Many women, Chanda says, go to private clinics, some of which are unlicensed or charge high fees, or to pharmacies, because they don’t know where to seek abortion services or because these facilities are closer to where they work.

Women who are unmarried – the notion of pre-marital sex is still frowned upon – Chanda says, choose to travel long distances to terminate their pregnancy to avoid the shame. “They go to unsafe places, and afterwards they come to us with complications,” she says.

In 2008, the World Health Organisation estimated that each year unsafe abortions account for 47,000 deaths globally and leave millions of women temporarily or permanently disabled.

Julia Battle, the sexual reproductive maternal health and rights adviser at Care, acknowledges that “there is a lot of confusion around abortion”. This is one of the reasons why, she says, her organisation trains female garment workers in 16 factories in the capital and in Kandal province to raise awareness about sexual and reproductive rights.

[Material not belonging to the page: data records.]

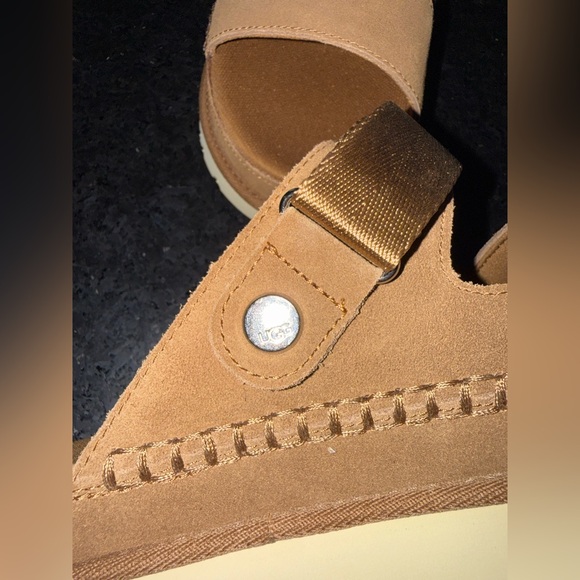 NEW UGG GOLDENSTAR GLIDE HI PLATFORM CHESTNUT TAN SANDALS SZ 9 - Picture 9 of 12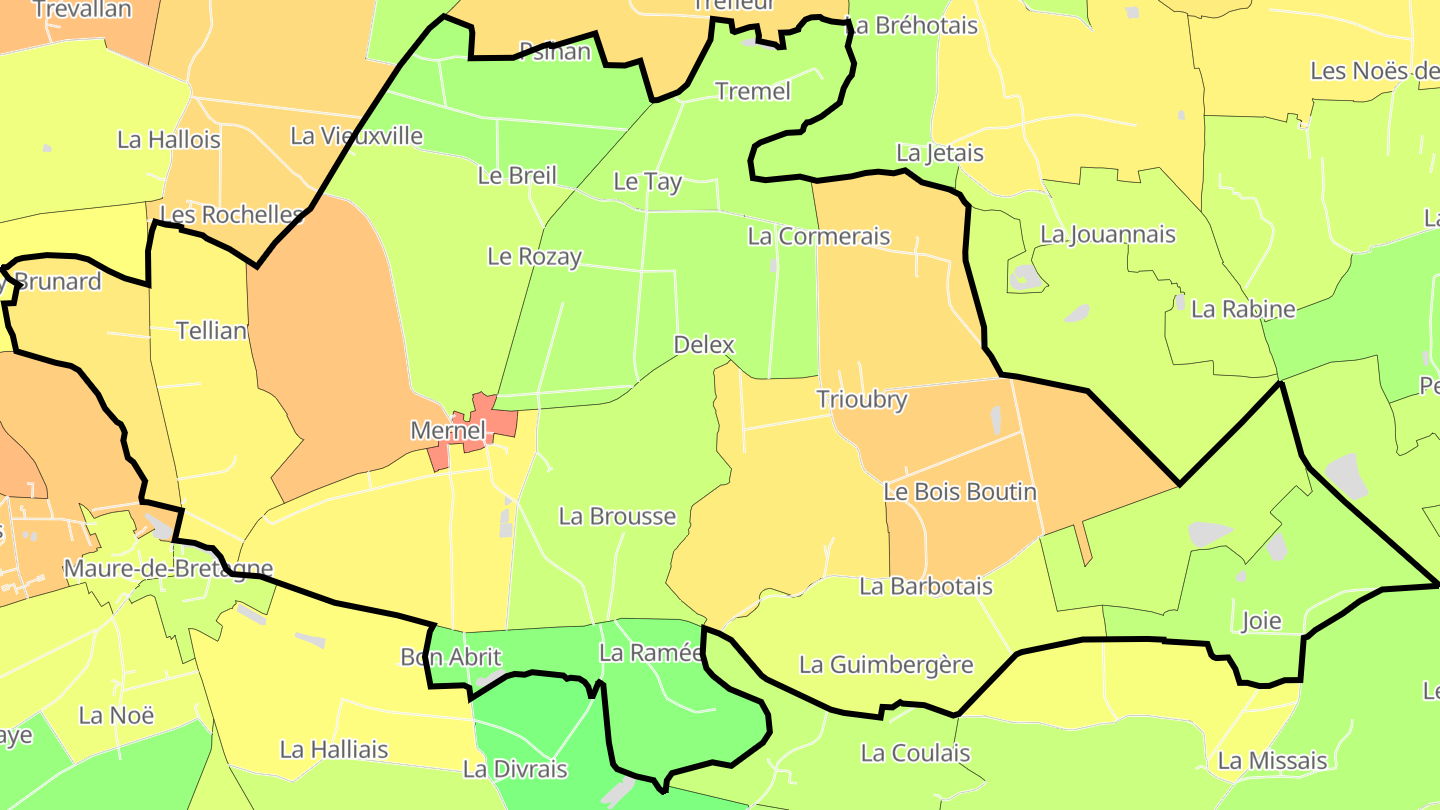 Carte des prix de l'immobilier Mernel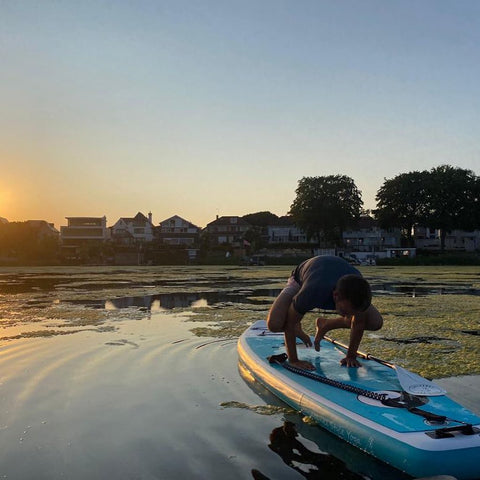 paddleboard SUP yoga in Poole harbour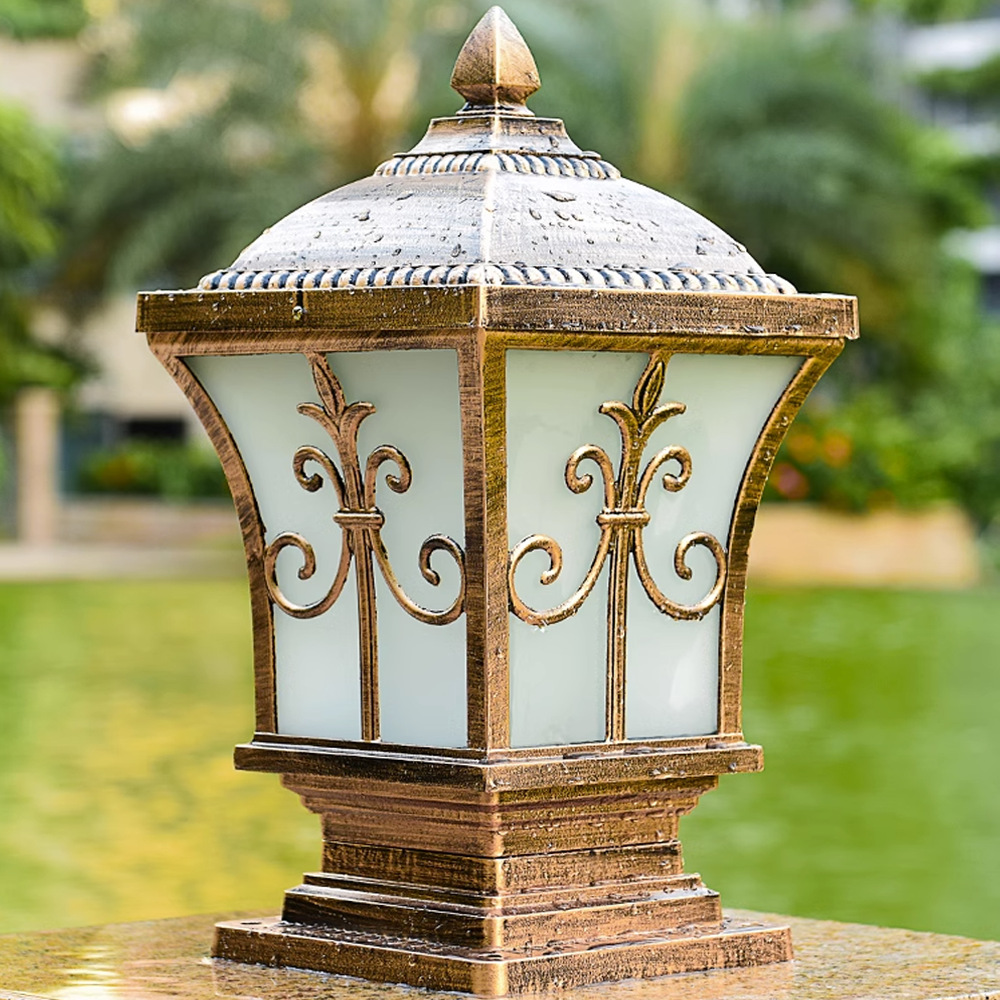 Espada caliente flor solar Pilar lámpara casa Villa impermeable puerta Pilar lámpara patio lámpara de pared LED fábrica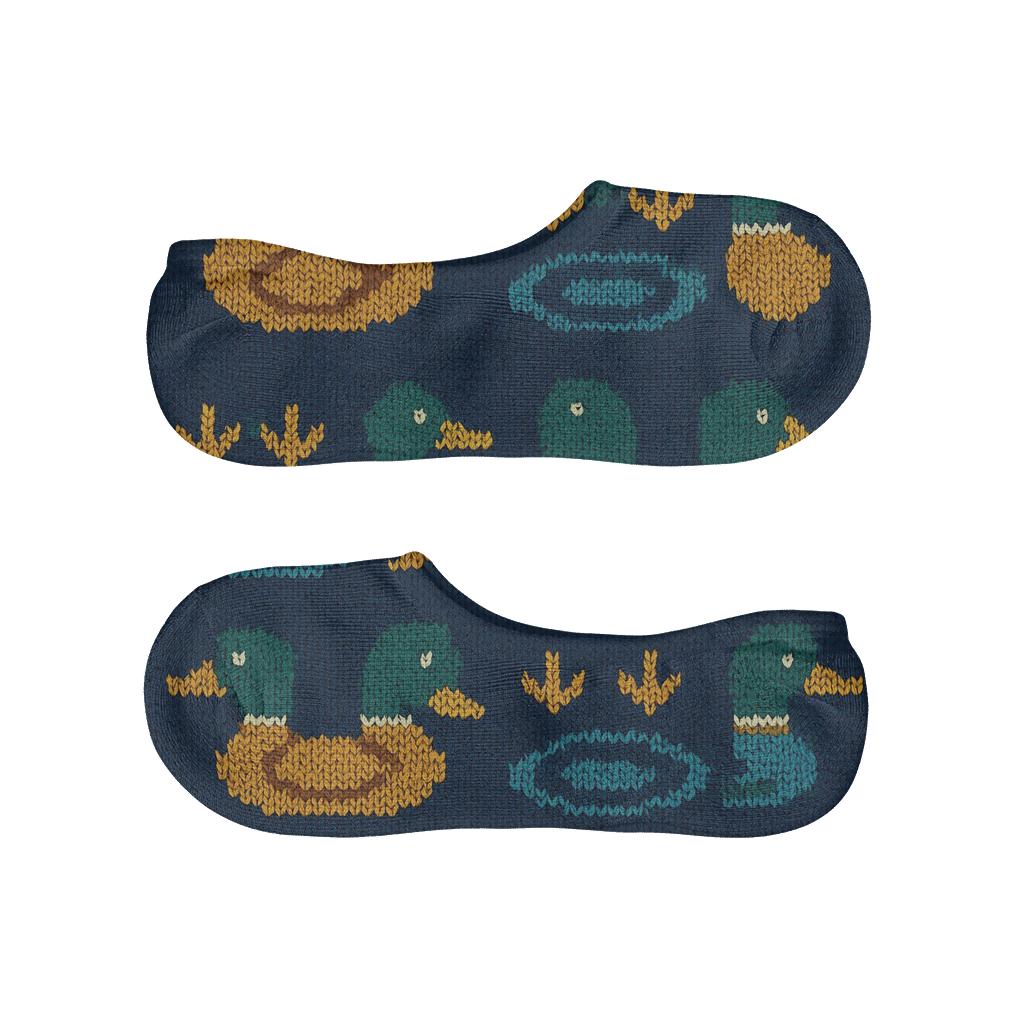 Knitted Ripple Duck Band Pattern low cut no-show socks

Aside from screening an educational mini-drama series, which can be shared on smartphones and has been well received by workers, according to Battle, the training sessions “move from discussion of sex, modern contraception and emergency contraception to safe abortion”.

There is evidence the training is raising the level of knowledge at the factories – the mid-term review (pdf) this year showed that almost 45% of workers knew at least one place where to obtain safe abortion, compared with 27% two years ago (pdf).

However, with the number of factories in the country, Battle acknowledges that many women are likely to fall through the cracks. “There are hundreds of factories. I do think that those we are not reaching probably are less aware of how to prevent unplanned pregnancy and how and where to access safe abortion,” she says.

Asked what the government was doing to facilitate access to safe abortion, a ministry of health spokesperson referred the Guardian to Professor Tung Rathavy, director of the National Maternal and Child Health Centre, who declined to comment.